第884話 つゆ物語の会

     

 江戸ソバリエかすや会の「出汁の勉強会」に参加した。
 参加者はソバリエを中心に14名、会場は北池袋長寿庵(江戸ソバリエの店)だった。
 先ずは、糟谷代表により、下記四種の出汁勉強会の趣旨説明があって、試飲試食が実施された。
 ❶4種の出汁材料の香り比較
  A.,鰹節(本枯節)、B,鯖節、C,宗田鰹節、D,うるめ鰯
 ❷4種の出汁の試飲
  出汁(水1.5ℓ出汁100g 10分沸騰⇒出汁1ℓ)
 ❸4種の蕎麦つゆ試飲
  出汁2.5:返し1⇒蕎麦つゆ
 ➍4種で《ざる蕎麦》試食
 ❺4種の蕎麦湯試飲
 途中に、鰹節問屋湯浅商店(4代目)様による、「鰹節(本枯節)、鯖節、宗田鰹節、うるめ鰯の話」、ならびに北池袋長寿庵飯高様による「蕎麦つゆの話」があった。
 この❶から❺の方法による試飲試食会は、まるで「つゆ物語」の中にいるようで楽しく意義深かった。

 以下は個人的感想であるが
 ①出汁試飲では「うるめ鰯」、「本枯節」の順で美味しかった。
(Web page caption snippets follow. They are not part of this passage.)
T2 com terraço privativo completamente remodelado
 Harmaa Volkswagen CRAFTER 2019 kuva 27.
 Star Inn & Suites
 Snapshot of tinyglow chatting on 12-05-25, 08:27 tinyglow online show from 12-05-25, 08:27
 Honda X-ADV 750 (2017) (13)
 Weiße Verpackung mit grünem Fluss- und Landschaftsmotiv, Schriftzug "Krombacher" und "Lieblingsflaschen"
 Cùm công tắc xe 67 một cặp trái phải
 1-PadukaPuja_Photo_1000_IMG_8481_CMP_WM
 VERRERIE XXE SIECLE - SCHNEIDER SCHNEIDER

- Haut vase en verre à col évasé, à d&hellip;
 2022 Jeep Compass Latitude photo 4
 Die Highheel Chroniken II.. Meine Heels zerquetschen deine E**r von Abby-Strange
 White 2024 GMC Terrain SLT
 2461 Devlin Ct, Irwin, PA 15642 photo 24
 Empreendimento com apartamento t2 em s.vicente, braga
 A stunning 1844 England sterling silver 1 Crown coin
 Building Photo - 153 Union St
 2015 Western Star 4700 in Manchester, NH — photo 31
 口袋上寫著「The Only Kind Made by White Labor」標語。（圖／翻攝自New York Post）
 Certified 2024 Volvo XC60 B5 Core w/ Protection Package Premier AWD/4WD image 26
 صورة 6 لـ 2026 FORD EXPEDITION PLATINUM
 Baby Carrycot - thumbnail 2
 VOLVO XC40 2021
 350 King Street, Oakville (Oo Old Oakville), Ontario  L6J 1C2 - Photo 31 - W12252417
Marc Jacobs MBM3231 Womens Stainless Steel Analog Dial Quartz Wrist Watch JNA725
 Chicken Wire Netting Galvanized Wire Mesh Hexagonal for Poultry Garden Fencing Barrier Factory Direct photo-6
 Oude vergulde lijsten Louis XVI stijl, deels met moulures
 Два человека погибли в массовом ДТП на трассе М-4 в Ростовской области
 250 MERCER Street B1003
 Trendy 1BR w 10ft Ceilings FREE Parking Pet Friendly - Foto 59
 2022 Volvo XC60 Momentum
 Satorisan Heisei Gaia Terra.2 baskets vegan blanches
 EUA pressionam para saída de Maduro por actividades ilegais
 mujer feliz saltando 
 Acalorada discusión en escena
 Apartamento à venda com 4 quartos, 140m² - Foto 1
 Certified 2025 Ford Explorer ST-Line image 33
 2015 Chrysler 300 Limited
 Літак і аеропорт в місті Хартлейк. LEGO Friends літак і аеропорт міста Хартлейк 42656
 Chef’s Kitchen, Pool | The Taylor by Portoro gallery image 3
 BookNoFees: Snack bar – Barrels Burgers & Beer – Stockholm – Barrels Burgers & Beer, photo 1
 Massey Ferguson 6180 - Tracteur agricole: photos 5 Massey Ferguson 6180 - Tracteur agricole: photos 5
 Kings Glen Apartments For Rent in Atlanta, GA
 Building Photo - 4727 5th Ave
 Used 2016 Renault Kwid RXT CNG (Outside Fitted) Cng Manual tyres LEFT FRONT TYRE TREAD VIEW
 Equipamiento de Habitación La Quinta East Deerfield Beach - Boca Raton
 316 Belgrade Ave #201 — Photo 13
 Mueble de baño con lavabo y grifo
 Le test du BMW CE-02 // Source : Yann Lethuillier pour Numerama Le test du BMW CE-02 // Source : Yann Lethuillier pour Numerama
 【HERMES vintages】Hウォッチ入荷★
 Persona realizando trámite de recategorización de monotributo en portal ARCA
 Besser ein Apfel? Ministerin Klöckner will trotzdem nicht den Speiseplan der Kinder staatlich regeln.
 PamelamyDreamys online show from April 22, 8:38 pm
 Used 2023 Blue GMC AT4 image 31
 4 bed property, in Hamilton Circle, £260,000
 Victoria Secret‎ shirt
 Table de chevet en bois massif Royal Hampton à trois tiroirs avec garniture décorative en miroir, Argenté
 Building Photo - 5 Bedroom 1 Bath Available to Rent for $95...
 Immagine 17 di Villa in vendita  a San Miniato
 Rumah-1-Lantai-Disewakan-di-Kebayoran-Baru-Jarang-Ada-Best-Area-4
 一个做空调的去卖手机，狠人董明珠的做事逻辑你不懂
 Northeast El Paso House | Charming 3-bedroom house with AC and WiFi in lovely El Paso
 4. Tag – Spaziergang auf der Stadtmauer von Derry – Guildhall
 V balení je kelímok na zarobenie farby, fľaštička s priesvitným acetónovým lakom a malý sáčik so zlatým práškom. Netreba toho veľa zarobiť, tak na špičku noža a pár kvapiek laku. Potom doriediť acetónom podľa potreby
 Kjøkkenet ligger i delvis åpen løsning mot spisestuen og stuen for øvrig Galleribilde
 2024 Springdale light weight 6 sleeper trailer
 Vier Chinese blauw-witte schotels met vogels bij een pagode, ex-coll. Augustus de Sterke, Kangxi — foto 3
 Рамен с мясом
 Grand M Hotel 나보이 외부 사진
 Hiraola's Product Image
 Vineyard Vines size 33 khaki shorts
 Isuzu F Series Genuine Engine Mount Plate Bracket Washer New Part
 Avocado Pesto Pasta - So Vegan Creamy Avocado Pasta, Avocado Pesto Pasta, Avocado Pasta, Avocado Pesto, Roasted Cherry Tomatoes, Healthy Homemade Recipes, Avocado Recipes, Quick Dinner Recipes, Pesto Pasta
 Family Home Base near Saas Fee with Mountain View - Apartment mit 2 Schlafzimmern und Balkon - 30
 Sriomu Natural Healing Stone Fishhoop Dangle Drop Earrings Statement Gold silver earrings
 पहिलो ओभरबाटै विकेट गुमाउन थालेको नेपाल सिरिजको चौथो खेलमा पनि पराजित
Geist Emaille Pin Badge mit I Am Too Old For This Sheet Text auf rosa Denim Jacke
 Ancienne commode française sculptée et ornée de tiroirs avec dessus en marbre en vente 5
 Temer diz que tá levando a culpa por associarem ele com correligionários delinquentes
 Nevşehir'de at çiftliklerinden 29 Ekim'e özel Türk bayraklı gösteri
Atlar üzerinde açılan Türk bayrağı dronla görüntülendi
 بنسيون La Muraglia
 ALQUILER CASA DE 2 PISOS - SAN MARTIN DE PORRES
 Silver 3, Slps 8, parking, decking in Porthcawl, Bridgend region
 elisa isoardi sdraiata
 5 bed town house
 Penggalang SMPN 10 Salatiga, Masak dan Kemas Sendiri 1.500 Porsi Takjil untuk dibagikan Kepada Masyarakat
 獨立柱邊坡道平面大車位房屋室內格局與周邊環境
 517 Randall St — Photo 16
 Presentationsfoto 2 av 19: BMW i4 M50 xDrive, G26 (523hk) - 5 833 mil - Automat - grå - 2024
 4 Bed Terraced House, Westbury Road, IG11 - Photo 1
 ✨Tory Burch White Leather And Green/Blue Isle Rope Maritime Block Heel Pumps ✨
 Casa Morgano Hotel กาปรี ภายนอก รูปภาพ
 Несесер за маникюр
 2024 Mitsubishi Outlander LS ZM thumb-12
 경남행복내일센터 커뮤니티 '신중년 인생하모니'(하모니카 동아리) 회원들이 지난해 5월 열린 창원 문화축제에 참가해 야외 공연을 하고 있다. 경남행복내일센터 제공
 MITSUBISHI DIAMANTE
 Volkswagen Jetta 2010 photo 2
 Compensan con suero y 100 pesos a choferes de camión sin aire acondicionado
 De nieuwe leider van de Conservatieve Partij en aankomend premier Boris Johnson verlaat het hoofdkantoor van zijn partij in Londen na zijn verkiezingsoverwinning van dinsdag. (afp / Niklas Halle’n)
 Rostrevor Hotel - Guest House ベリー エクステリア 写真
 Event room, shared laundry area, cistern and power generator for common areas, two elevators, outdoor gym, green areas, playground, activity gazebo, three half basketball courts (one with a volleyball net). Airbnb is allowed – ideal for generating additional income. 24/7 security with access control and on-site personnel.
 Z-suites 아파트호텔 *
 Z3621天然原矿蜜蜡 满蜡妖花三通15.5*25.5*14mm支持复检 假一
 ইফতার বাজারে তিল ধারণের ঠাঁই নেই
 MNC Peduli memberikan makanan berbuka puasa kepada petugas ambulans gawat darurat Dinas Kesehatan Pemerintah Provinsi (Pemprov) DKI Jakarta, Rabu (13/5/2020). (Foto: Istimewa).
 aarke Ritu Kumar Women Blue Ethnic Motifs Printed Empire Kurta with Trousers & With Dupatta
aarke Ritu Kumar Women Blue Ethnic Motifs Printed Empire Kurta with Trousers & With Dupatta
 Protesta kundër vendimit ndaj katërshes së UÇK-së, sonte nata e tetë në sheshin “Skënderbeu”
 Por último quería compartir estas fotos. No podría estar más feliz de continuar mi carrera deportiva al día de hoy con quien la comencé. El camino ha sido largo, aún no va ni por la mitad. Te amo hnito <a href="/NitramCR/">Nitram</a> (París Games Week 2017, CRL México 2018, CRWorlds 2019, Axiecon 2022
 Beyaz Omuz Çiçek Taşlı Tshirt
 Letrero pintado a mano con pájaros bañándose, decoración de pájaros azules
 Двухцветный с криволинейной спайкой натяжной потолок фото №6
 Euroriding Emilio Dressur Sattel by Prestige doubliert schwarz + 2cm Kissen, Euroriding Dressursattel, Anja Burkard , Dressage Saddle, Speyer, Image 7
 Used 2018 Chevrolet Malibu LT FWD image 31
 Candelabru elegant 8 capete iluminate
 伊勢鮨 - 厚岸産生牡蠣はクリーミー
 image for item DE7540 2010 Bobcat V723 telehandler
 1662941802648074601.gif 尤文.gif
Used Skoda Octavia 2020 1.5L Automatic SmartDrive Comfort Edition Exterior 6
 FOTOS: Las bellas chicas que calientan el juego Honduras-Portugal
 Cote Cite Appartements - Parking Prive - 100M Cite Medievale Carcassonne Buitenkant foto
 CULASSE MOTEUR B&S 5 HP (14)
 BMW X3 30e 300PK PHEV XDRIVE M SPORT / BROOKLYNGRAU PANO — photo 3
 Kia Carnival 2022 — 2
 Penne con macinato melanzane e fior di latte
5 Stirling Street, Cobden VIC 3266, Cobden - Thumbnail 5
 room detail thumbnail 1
「鯖節」「宗田鰹節」はあまりインバクトはなかった。
 ②ところが、蕎麦つゆにすると「本枯節」のバランスが最高に美味しく、「鯖節」の多少の甘味が素晴らしかった。出汁試飲で美味しかったはずの「うるめ鰯」はたいして美味しくはなかった。
 ③そこで、「本枯節∔鯖節」と「本枯節∔宗田鰹節」で蕎麦を食したところ、各々(鯖節の甘味、宗田鰹節のアクセント)の美味しさを楽しめた。
 ④また、蕎麦湯にして飲んでみると、さらに美味しさが明確に分かった。

 湯浅様の話のなかで、鰹の漁獲量が減っているため、鰹節生産も激減している、そのため代替出汁が登場し始めているとの話があった。
  今のわれわれには、地球の危機、和食の危機を乗り越える知恵が必要と思われる。

 糟谷さん、ありがとうございました。次回を期待しています。

 写真:北池袋長寿庵は東上線北池袋駅の目の前、まるで店のために駅があるよう。トレードマークのサーフィン。